Exercise brief
Go to the line below that contains "hbOV[A CObVRbJ[XpjG LTCY". From there to the end of the records, reproduce each line exactly, except the pictures.

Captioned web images
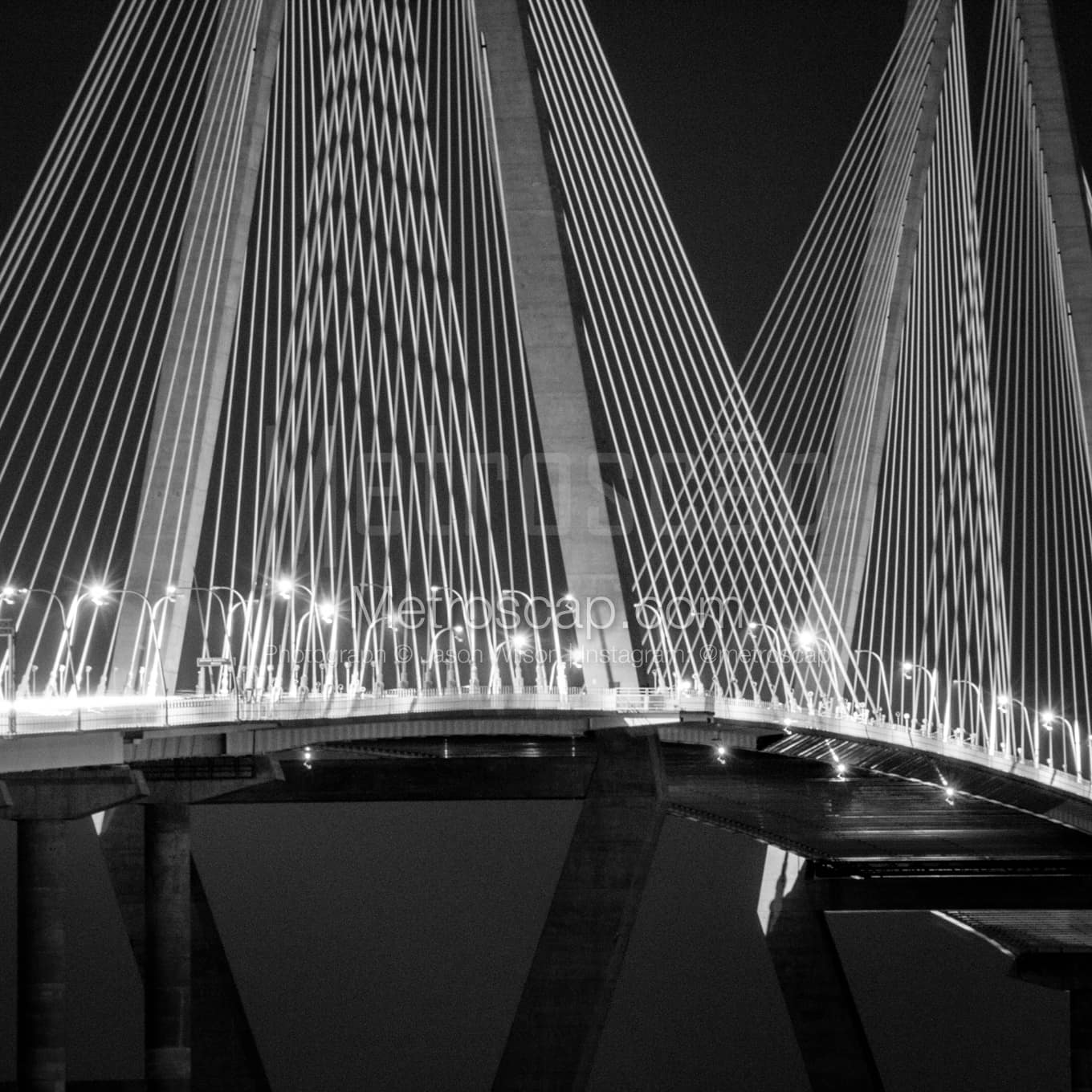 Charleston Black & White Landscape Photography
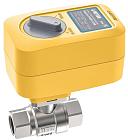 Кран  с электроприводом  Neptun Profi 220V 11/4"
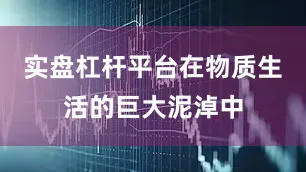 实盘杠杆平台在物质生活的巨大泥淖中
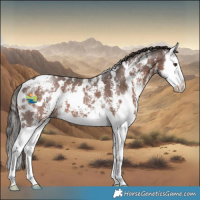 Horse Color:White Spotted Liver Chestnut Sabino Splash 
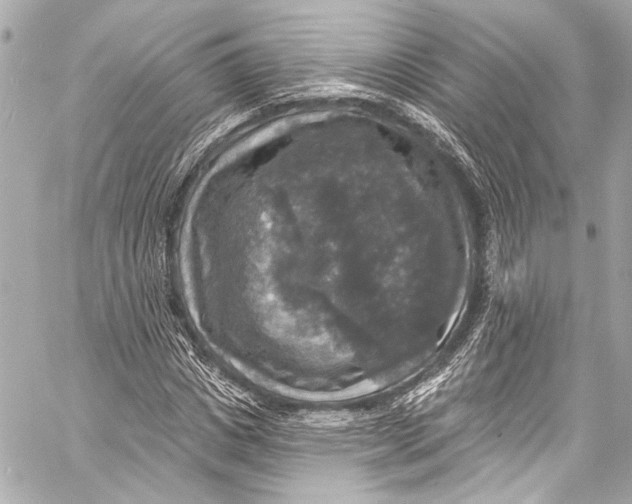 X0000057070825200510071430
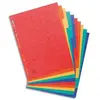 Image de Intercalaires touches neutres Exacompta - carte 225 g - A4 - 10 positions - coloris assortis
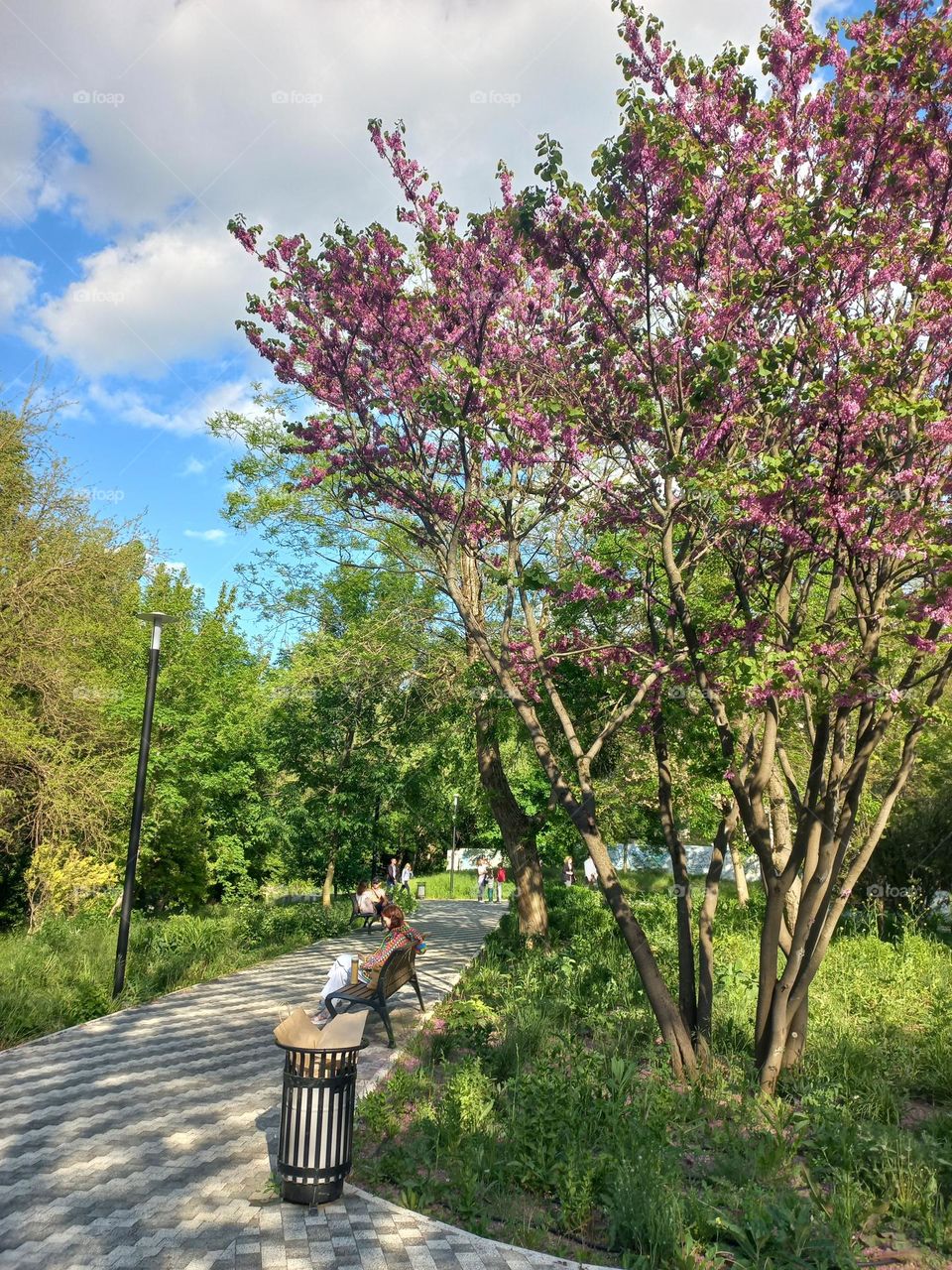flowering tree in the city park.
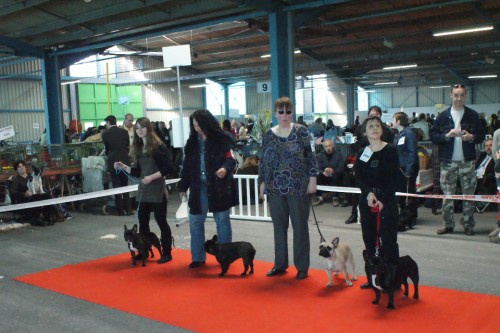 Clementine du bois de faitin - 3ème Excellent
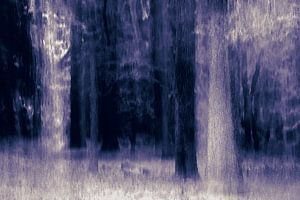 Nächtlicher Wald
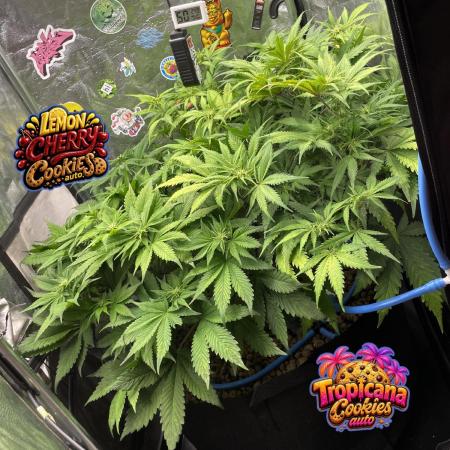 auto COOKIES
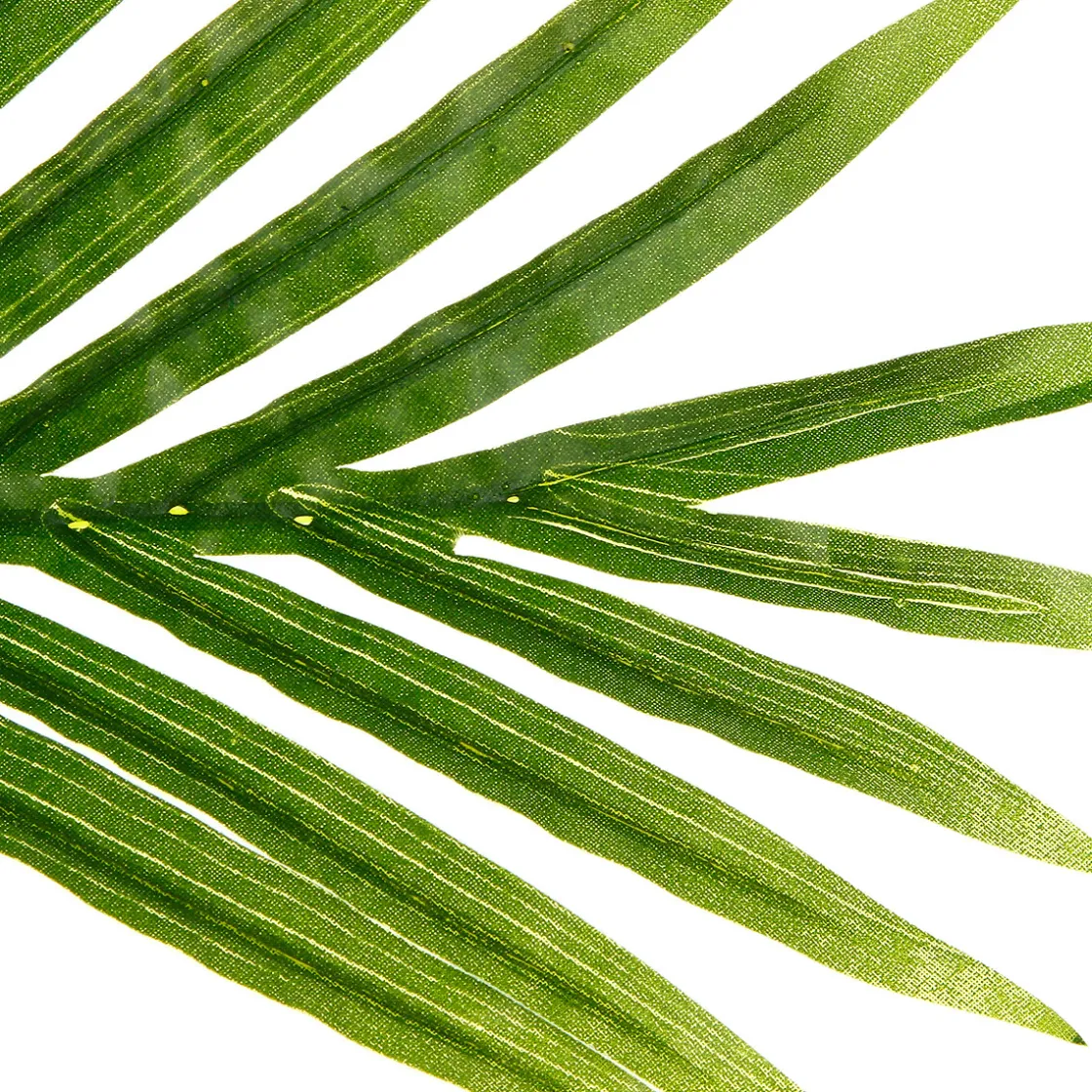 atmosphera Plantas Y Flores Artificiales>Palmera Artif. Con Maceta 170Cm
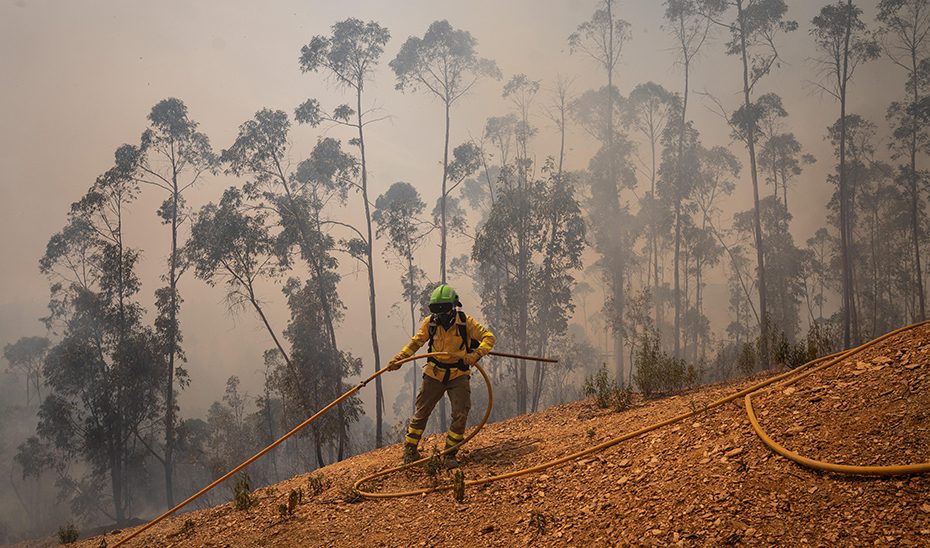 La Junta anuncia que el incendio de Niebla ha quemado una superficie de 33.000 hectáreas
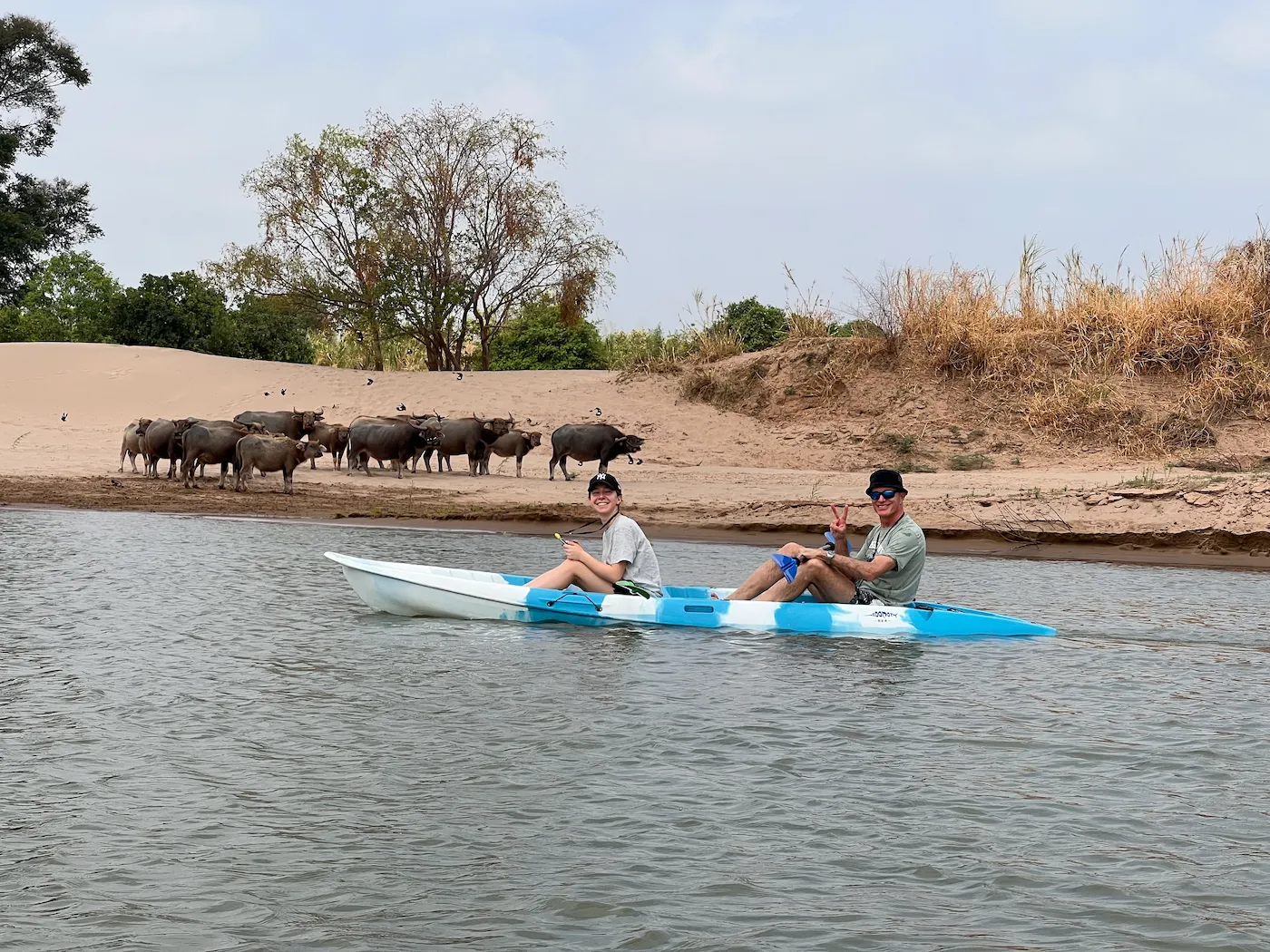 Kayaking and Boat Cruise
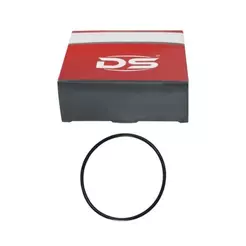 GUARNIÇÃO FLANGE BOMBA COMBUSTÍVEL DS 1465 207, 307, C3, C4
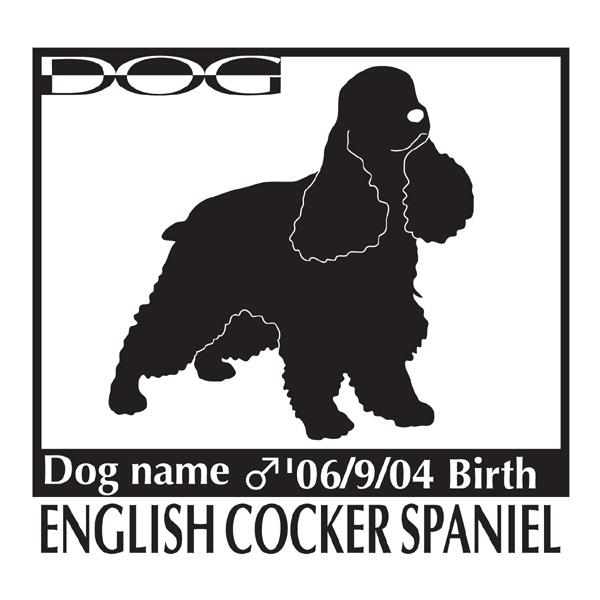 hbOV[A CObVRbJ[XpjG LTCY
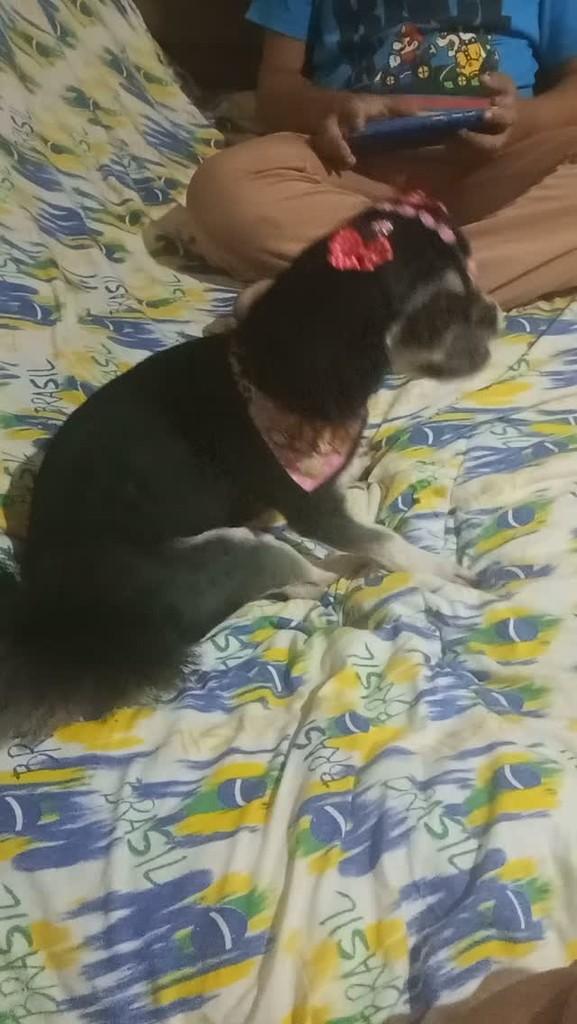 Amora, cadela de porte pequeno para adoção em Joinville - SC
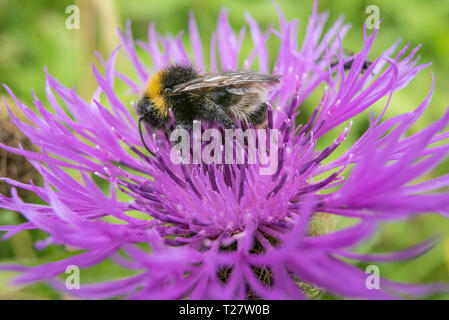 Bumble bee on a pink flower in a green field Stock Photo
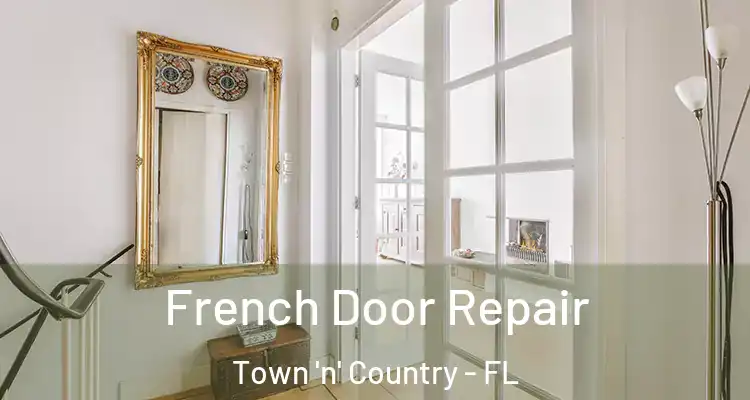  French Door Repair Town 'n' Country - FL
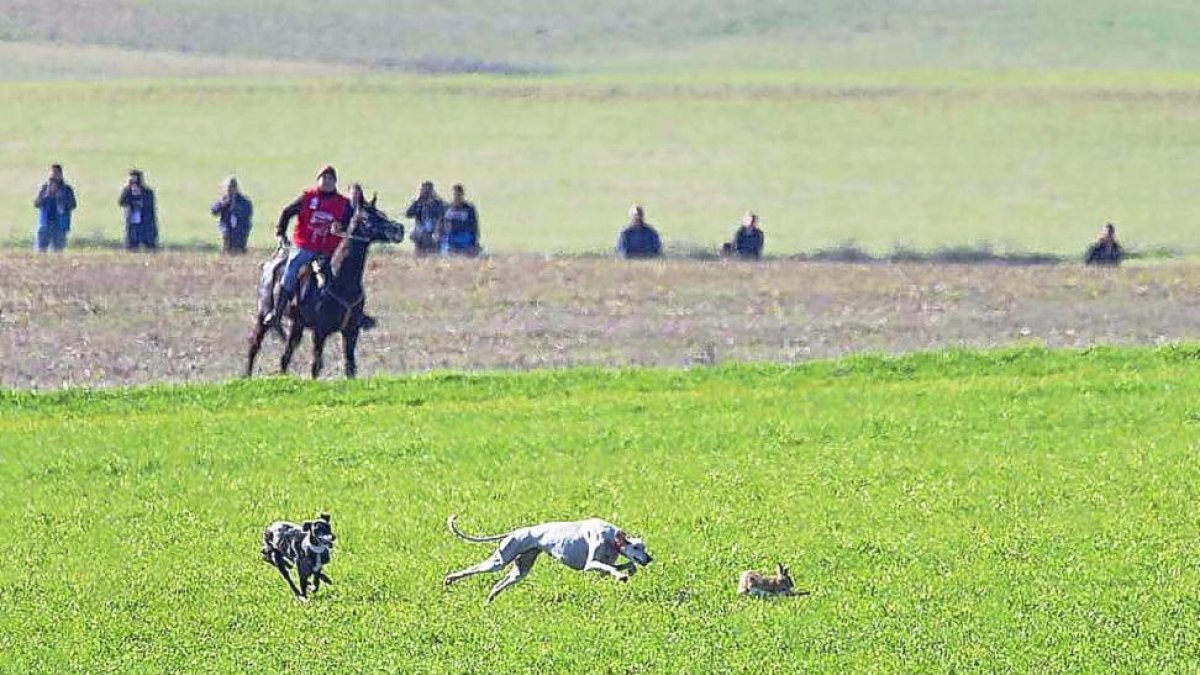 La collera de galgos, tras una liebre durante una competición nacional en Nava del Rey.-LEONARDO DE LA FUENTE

Result of this exercise
 hbOV[A CObVRbJ[XpjG LTCY
 Amora, cadela de porte pequeno para adoção em Joinville - SC
 Bumble bee on a pink flower in a green field Stock Photo
  French Door Repair Town 'n' Country - FL
 La collera de galgos, tras una liebre durante una competición nacional en Nava del Rey.-LEONARDO DE LA FUENTE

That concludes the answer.